I learn elsewhere that the cemetery contains graves of Māori (indigenous) people as well as Pakeha (European) people. I stumble upon a gravestone covered in Chinese characters.
As I later learn, this is the grave of Ye Ah Zhang, a seaman from Henan Province who died in 1889 at the age of 51 and whose funeral procession “included 10 carriages of mourners and was attended by many spectators” (with thanks to Anne GerritsenLink opens in a new window and Friends of Bolton Street Cemetery).
(And yes, there’s even a Bycroft: Robert, who died in 1869 aged 81.)
A typical colonial cemetery, perhaps. But the story took a strange turn in the twentieth century, when the cemetery was “bisected by a motorway,” as the information board explains:
"Destruction of the cemetery for the Wellington Motorway in the 1960s was resisted by action groups. Although they failed to halt the intrusion, they succeeded in elevating the status of this cemetery to a significant historic site and recreation park for the city.

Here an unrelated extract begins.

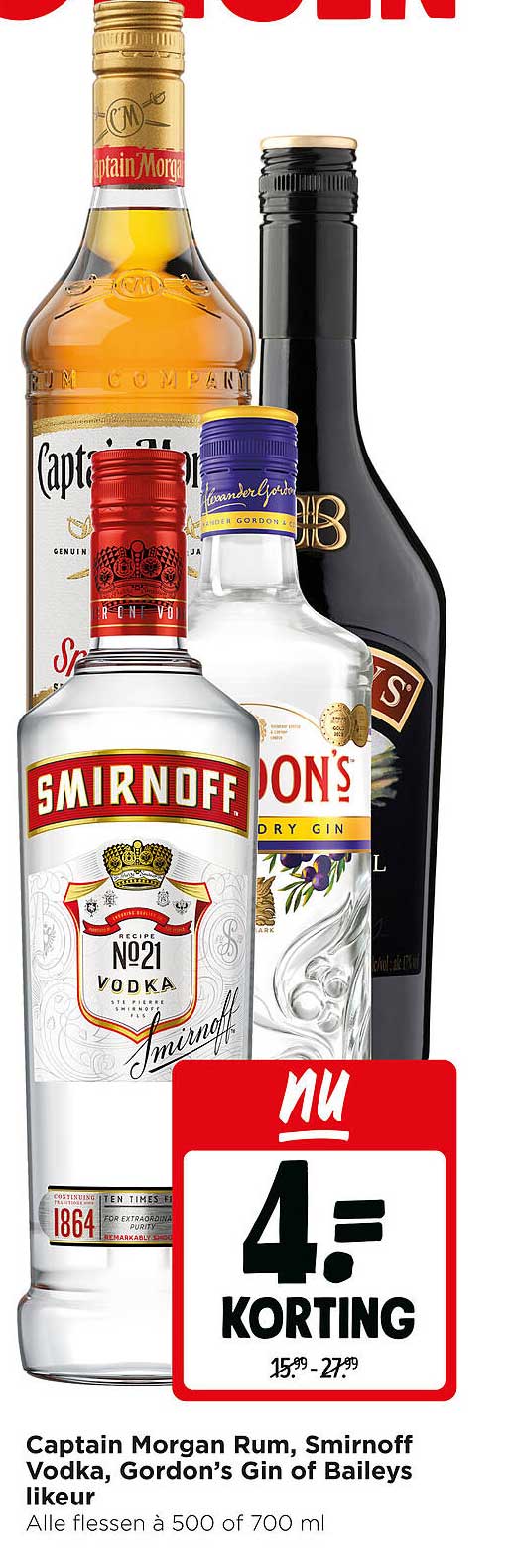 Captain Morgan Rum, Smirnoff Vodka, Gordon’s Gin of Baileys likeur 4= korting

During motorway excavations over 3,700 burials were exhumed and reinterred in a vault under the Memorial Lawn. Their headstones were re-located within the appropriate sectors of the cemetery."
In other words, the Memorial Lawn is a graveyard for a graveyard—it is filled with relocated bones and decorated with the remains of unidentified gravestones.

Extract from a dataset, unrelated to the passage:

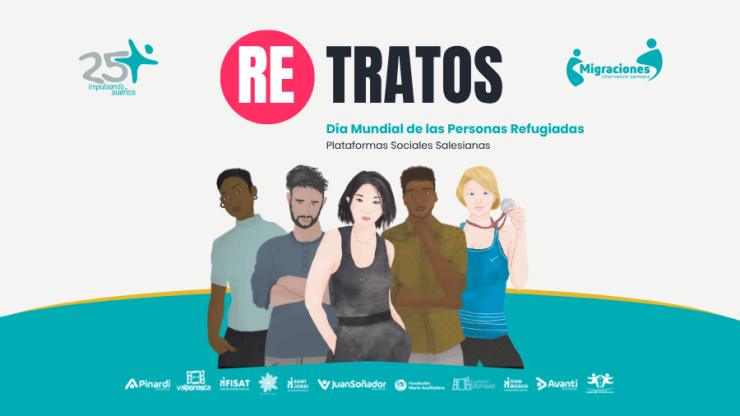CAMPAÑA ‘RE · TRATOS’ CON PERSONAS REFUGIADAS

The tree behind the Memorial Lawn is a pine tree, another European import. This specimen is enormous, gnarled, and has a settled look. By contrast, the pines on a nearby hillside are brown and dead, casualties of a deliberate effort to replace imported species with native ones—a kind of arboreal decolonisation.
The history of Europe Lane might be traced right up to 2016, when the path received its current name in recognition of “the excellent state of the relationship between the EU and New Zealand,” in the words of the European Union website. The naming happened on June 23, 2016, the date of the Brexit referendum in Britain. Five years and one day afterwards, on June 24, 2021, I came across the lane while trying to avoid European history.
The cemetery is not “early modern” in the chronological sense, but it has an early modern flavour. It is shaped by confessional disputes between Catholics, Protestants, and Jews, and by shaky steps towards religious toleration. It is the product of settler colonialism, with its voyages, violence, naïve good intentions, and encounters between disparate cultures, both human and non-human. Its later history is marked by the sudden irruption of modernity (“bisected by motorway”) and by the uneasy co-existence of the old and the new. And there is something supernatural about it—the disinterred bodies, the cemetery-within-a-cemetery, the eerie calm in the middle of a busy city.
It is a reminder that the past, like a ghost, can rise up and ask hard questions when you least expect it.